**WHAT IS REQUIRED**
For the listing below, return the line containing "Cashmere lounge pant black", the line containing "Зенковка 12 мм", and all lines in between, exactly as written and nothing else.

____

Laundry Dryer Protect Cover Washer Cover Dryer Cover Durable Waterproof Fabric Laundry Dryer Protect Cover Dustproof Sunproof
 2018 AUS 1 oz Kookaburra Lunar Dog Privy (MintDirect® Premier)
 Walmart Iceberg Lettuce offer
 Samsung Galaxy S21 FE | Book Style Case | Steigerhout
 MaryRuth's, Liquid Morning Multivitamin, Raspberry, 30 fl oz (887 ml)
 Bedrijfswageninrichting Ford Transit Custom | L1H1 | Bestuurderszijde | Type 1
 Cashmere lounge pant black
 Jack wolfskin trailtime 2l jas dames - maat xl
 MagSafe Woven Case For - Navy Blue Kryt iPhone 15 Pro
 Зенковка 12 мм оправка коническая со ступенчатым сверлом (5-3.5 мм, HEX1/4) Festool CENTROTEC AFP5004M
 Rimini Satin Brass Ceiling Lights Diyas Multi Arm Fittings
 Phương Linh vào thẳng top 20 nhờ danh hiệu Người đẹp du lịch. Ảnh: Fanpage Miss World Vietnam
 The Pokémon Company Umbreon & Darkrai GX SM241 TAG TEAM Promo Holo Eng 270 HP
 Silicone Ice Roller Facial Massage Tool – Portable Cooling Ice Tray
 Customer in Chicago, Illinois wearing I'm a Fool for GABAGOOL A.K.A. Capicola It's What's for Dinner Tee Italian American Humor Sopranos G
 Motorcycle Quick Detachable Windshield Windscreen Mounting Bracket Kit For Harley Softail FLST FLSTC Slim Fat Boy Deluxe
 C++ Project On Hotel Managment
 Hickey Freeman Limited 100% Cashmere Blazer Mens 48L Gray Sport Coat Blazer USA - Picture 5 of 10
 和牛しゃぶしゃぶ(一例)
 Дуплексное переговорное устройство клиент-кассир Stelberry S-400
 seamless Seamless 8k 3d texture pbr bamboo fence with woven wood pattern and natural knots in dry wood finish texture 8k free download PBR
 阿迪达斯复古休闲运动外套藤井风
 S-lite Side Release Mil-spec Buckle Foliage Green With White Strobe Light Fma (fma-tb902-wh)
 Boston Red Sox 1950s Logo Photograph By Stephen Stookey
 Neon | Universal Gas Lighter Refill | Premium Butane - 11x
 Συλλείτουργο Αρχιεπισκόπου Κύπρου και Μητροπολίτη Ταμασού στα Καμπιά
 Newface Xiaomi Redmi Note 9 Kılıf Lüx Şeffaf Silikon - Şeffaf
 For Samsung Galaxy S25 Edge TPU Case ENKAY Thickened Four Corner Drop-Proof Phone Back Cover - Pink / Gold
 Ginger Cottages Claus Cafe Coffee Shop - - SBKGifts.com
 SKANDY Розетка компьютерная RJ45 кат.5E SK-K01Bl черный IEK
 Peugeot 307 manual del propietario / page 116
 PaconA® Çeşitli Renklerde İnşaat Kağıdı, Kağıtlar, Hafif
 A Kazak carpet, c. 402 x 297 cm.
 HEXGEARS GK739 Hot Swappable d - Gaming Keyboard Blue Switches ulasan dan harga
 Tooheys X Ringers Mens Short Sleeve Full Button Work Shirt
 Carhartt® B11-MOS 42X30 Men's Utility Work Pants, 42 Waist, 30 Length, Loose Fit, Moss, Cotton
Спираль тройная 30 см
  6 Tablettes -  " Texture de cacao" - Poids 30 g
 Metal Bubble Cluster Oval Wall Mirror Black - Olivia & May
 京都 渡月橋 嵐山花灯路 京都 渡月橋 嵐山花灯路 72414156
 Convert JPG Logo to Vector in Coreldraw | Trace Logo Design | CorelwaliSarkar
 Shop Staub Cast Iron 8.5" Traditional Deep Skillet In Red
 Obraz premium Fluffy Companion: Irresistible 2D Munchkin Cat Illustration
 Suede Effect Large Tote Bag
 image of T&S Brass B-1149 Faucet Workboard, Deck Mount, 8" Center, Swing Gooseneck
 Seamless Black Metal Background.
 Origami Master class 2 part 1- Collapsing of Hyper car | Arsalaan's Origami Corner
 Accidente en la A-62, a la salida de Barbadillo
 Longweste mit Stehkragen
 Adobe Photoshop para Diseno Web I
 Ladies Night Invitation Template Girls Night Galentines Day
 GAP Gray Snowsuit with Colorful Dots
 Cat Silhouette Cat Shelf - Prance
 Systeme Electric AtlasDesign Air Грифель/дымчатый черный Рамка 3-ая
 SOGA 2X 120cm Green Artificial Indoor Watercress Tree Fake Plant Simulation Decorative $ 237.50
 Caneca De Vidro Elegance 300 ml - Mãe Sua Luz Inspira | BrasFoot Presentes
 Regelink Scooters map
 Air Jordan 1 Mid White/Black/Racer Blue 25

____

**REPLY TO THE TASK**
 Cashmere lounge pant black
 Jack wolfskin trailtime 2l jas dames - maat xl
 MagSafe Woven Case For - Navy Blue Kryt iPhone 15 Pro
 Зенковка 12 мм оправка коническая со ступенчатым сверлом (5-3.5 мм, HEX1/4) Festool CENTROTEC AFP5004M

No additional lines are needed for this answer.